KNZR-FM (97.7 MHz) is a commercial radio station licensed to Shafter, California, and broadcasting to the Bakersfield radio market. KNZR-FM airs a talk radio format simulcast with co-owned AM 1560 KNZR.  It is owned by Alpha Media, LLC, through licensee Alpha Media Licensee LLC.  The studios and offices are on Pegasus Drive in Bakersfield.

KNZR-FM has an effective radiated power (ERP) of 4,100 watts.  It is a Class A FM station, limited to the communities in and adjacent to Bakersfield.  The transmitter is off Warehouse Road in Oildale.

Programming
The schedule on KNZR-AM-FM is mostly syndicated conservative talk shows.  Weekdays begin with The Glenn Beck Program followed by The Rush Limbaugh Show, The Sean Hannity Show, The Mark Levin Show, Coast to Coast AM with George Noory and Hugh Hewitt.

On weekends, syndicated shows include Handel On The Law with Bill Handel, Somewhere in Time with Art Bell and The Tech Guy with Leo Laporte.  Most hours begin with world and national news from Fox News Radio. The only local show on the weekends is the very highly rated Crusin' to the Oldies, hosted by Lugnut Larry Thomas. Crusin' to the Oldies features a wide variety of classic rock, pop, soul and R&B music from the 1950' through the 1970's. It's known to draw more listeners than many of the weekday programs.

History

Early years
The station signed on the air on March 3, 1978 as KQEZ.  The following year, it switched its call sign to KMGN, airing a country music format.  The station was owned by Brandon-Dorsey Communications.

In 1986, Community Service Broadcasters took over as debtor in possession.  The call letters switched to KKBB and the station featured an album rock sound, using NBC Radio's "The Source" young adult network for news and features.  In 1996, the station switched to a Regional Mexican format as KRME, when it was owned by Spanish-language broadcaster Eduardo Caballero.

The station was assigned the KSMJ call letters by the Federal Communications Commission on February 6, 2001.  As its call sign implies, the station carried a smooth jazz format.

Changes in ownership
Buckley Broadcasting acquired KSMJ in 2001.  Buckley decided to pair 97.7 FM with AM 1560, to give Bakersfield listeners the choice to hear the talk programming on KNZR on either AM or FM.  KSMJ changed to its current KNZR-FM call sign on September 11, 2013.  The two stations began simulcasting around the clock.
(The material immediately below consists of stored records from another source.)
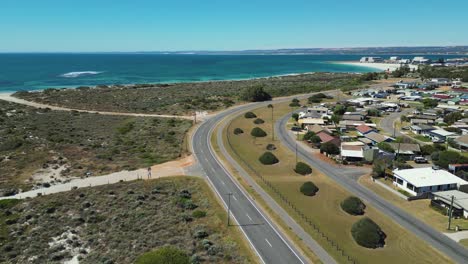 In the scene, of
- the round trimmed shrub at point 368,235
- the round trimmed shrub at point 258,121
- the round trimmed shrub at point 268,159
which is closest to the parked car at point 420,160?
the round trimmed shrub at point 268,159

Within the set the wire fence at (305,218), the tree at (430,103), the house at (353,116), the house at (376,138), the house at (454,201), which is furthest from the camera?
the tree at (430,103)

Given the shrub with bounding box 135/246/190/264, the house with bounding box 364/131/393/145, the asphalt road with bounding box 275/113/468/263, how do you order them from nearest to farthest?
the shrub with bounding box 135/246/190/264
the asphalt road with bounding box 275/113/468/263
the house with bounding box 364/131/393/145

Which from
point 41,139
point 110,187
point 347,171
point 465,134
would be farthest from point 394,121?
point 41,139

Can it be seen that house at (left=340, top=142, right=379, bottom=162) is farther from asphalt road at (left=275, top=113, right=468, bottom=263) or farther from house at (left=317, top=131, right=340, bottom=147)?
house at (left=317, top=131, right=340, bottom=147)

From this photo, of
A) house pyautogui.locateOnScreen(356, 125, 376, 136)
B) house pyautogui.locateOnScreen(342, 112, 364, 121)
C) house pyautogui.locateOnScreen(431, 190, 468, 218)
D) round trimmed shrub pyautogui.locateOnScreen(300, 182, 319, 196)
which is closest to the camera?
A: house pyautogui.locateOnScreen(431, 190, 468, 218)

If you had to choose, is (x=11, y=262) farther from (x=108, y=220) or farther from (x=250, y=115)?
(x=250, y=115)

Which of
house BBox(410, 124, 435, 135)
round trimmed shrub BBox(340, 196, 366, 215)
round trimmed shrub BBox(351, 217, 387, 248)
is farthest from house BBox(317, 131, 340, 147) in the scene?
round trimmed shrub BBox(351, 217, 387, 248)

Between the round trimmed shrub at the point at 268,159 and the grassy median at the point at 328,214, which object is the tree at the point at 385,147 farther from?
the round trimmed shrub at the point at 268,159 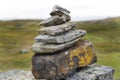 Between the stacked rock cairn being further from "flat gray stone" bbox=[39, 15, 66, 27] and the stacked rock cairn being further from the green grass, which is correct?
the green grass

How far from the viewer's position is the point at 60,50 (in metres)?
36.0

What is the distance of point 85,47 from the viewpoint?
37156mm

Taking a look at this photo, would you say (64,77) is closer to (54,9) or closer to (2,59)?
(54,9)

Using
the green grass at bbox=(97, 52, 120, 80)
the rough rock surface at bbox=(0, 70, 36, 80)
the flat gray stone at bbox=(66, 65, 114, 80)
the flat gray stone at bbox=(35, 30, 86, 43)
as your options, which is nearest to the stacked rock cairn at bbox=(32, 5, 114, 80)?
the flat gray stone at bbox=(35, 30, 86, 43)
In 2014, Buckley Broadcasting sold its California stations, including KNZR-AM-FM, to Alpha Media of Portland, Oregon.  Alpha Media Chairman Larry Wilson said, "The Buckley clusters in California will be a great addition to the West Coast footprint.  Bakersfield is a rich and vibrant city full of live and local opportunities."

Racial controversy

On January 18, 2018, Midday host Jaz McKay was told that due to budgetary concerns he would be replaced the next week with Sean Hannity in the noon to 3pm slot which he had occupied for 14 years. McKay then took to social media and used derogatory language to describe Hispanic radio broadcasts in the area. McKay claimed the large number of Spanish language radio stations in Bakersfield made it increasingly difficult for English speaking announcers to find employment. At 45.5%, Hispanics comprise the largest demographic group in Bakersfield. On January 24, McKay’s time slot was indeed taken over by the syndicated radio show from Sean Hannity. On the same day, it was also reported that McKay’s fellow conservative talk show host Inga Barks was, for unspecified reasons, no longer associated with the station.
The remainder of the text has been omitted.